For a guy who has followed his heart this long, this shouldn’t be how it all ends, that’s for sure.

[Update: April 10, 2018]: Managing an independent baseball team is no easy task, as Sioux City Explorers manager Steve Montgomery can attest. For four years now he’s guided the the Explorers to 50 games over .500, a couple playoff berths and perhaps just as important, his team has sent more players back to the majors than any other American Association franchise.

“If we move players, we’ll have a lifeline in baseball,” says Montgomery. And that is the vital point to what’s happened with his DH and part-time outfielder for the last two seasons, LeVon Washington. As Washington has tried to ride the best route back to his dream of playing major league baseball, Montgomery has tried to help, but has a whole team that wants exactly the same thing.

“It’s about the kids,” he said, “That’s how I’ve built my team. It’s all about getting them back to the majors,”

So as Washington has fought to get a spot in the outfield and get noticed, Montgomery has tried to handle his requests along with the needs of the team and the goals of other players.

“We don’t want to seem like we’re holding Levon back from anything,” Montgomery said. And to be sure, they’ve made efforts. He had playing time in over 20 games in the outfield, but the problem with Sioux City is the park itself.

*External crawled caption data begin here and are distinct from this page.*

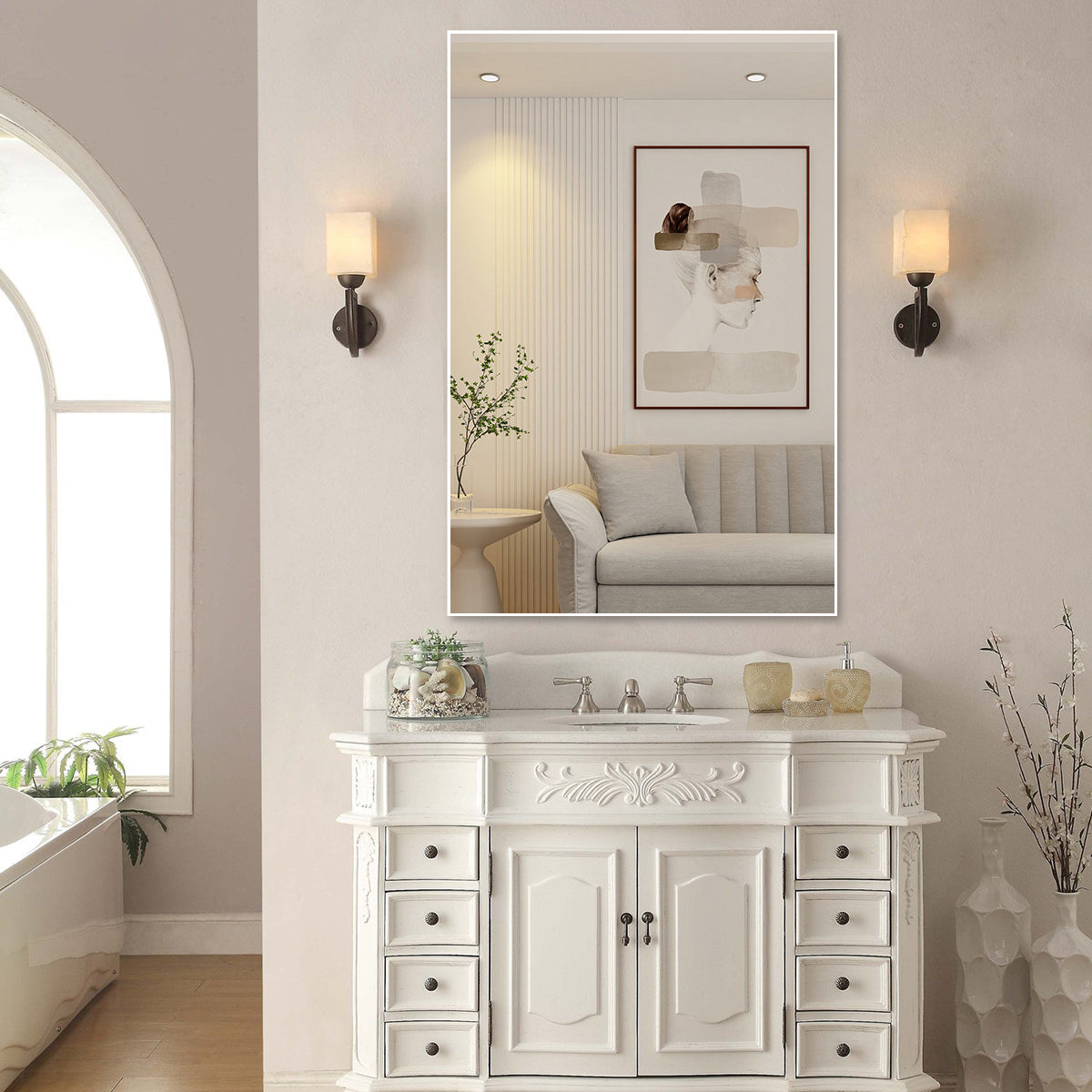 48"x32" Oversized Modern Rectangle Bathroom Mirror with White Frame Decorative Large Wall Mirrors for Bathroom Living Room Bedroom Vertical or Horizontal Wall Mounted mirror with Aluminum Frame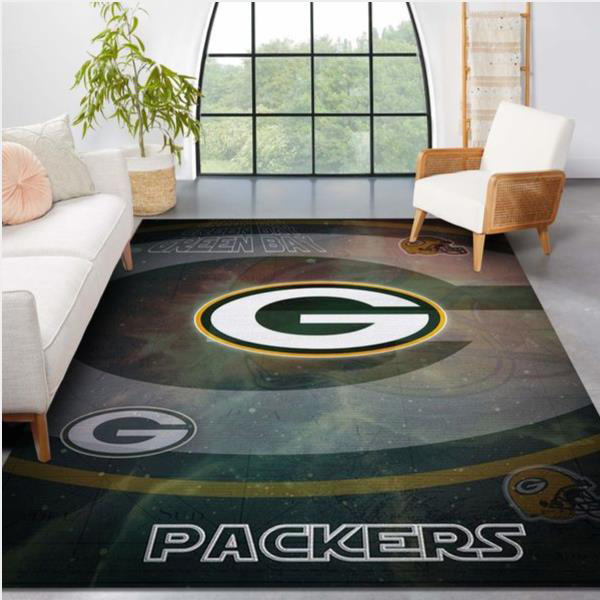 Green Bay Packers Area Rug NFL Area Rug Dining Room Rug Indoor Rugs Rectangle Carpet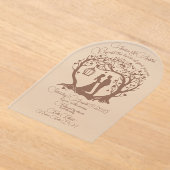 Elegante bruiloft paar boom ingelijst bruin acryl uitnodigingen (Laagn)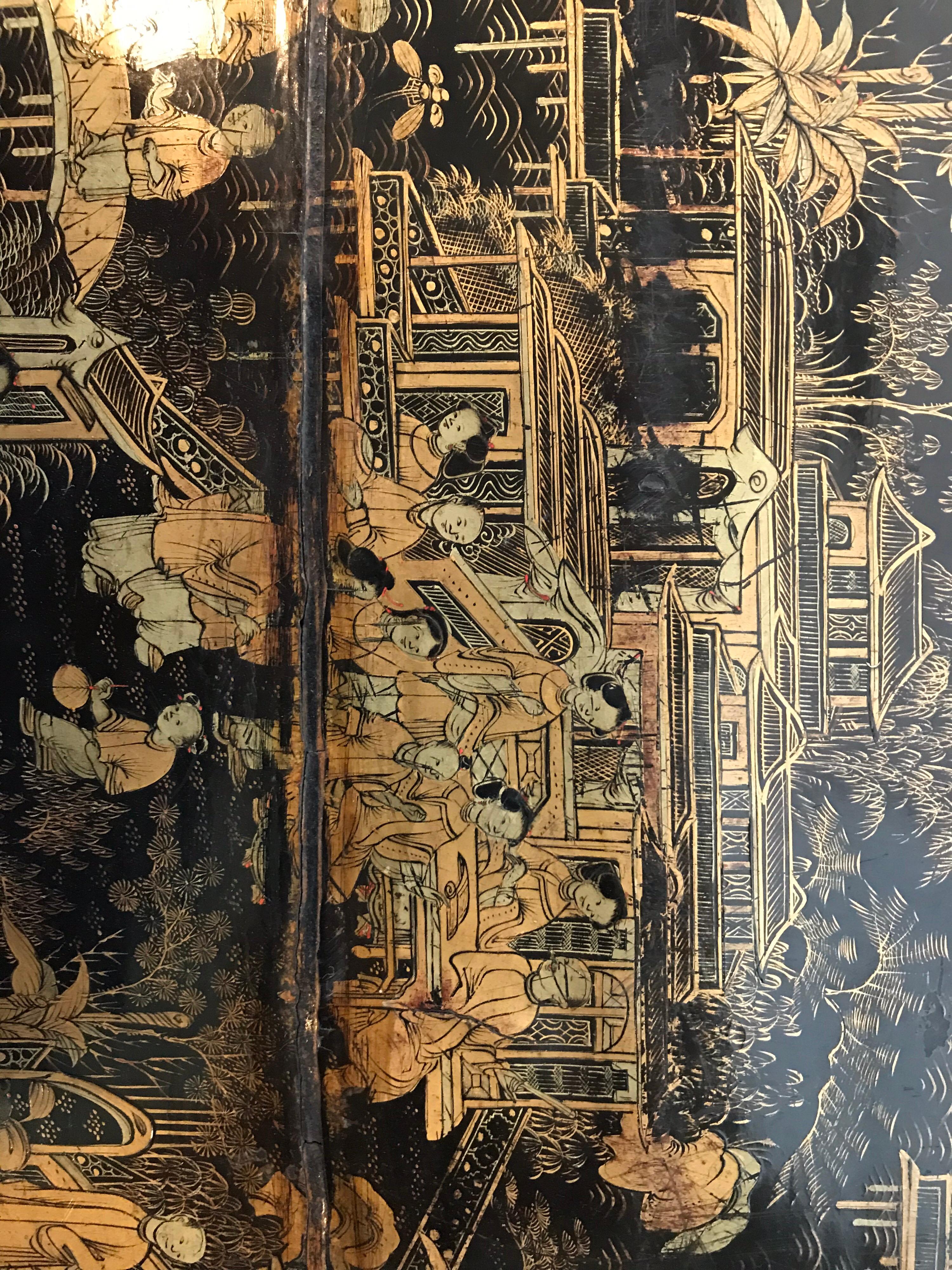 Table à couture ancienne avec laque Chinoiserie (anglaise, début du XIXe siècle) en vente 1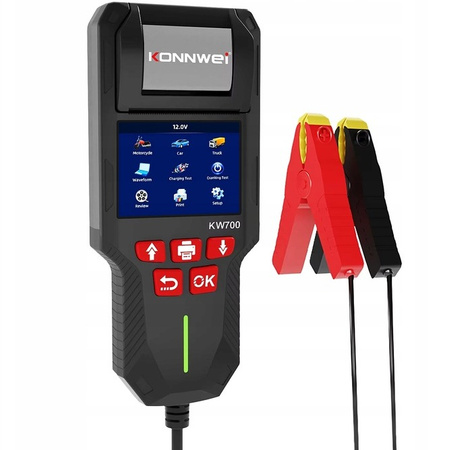 KONNWEI KW700 TESTER AKUMULATORÓW 24V 12V z drukarką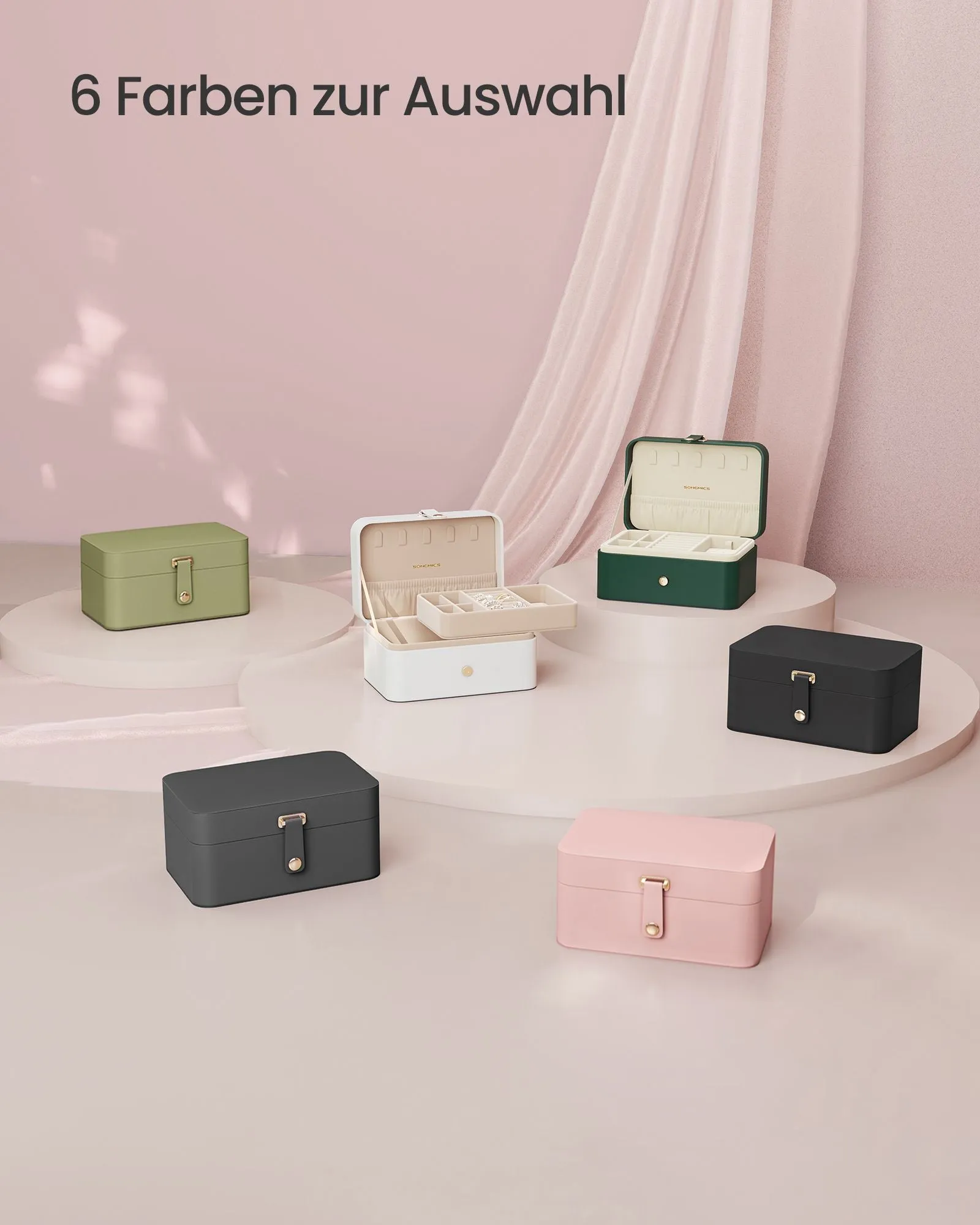 Rootz Travel Jewelry Box - Jewelry Case - Jewelry Organizer - Lightweight - 11cm x 16cm x 8cm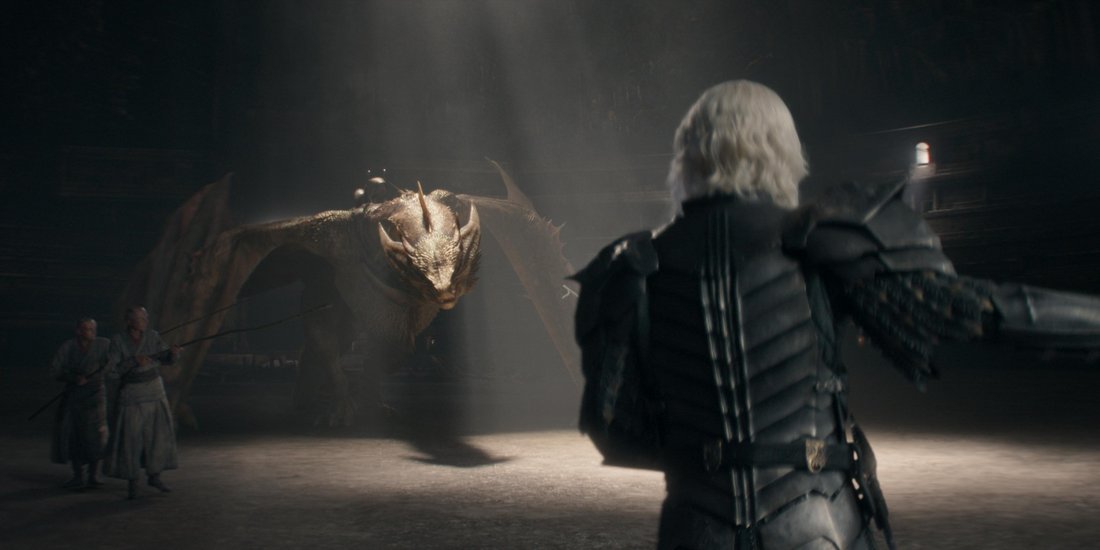 PXO provided visualisation, virtual production and VFX across House of the Dragon, Season 2. The still shows a knight facing a dragon.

““We play in a big ball park. It’s 330 down each line. You gotta have deer in the outfield.”

As much speed as LeVon showed as a young player, the injuries that hounded him continued to hold him back. The Explorers played him in back-to-back games, but it caused discomfort, according to Montgomery. The manager did note that Washington had made an effort to slim down and gain more speed in the offseason, but even so, the needs of the team are paramount. This year, last year, and every year.

“Coming into 2017 there was never a promise made that Wash would play primarily outfield,” said Montgomery. “(Coming in to 2018) I said to him, he’s got to come in and compete, I can’t promise you I can or can’t give you the job.”

Thus Washington was put in a tough position, the one he finds himself in today.

“I love Wash, he’s a great dude,” said Montgomery. “His family is wonderful. He’s very professional, just a nice kid. We love having him on the team.” Whether or not that happens remains to be seen. The team has reached out to Washington in the last few days, and tried to fulfill his requests to be traded to the independent teams in St. Paul, Minnesota and Lincoln, Nebraska. Neither wanted Washington.

So, through a bad twist of fate and that old injury curse, a once high flying prospect must hunt for his chance, and hope for one more break.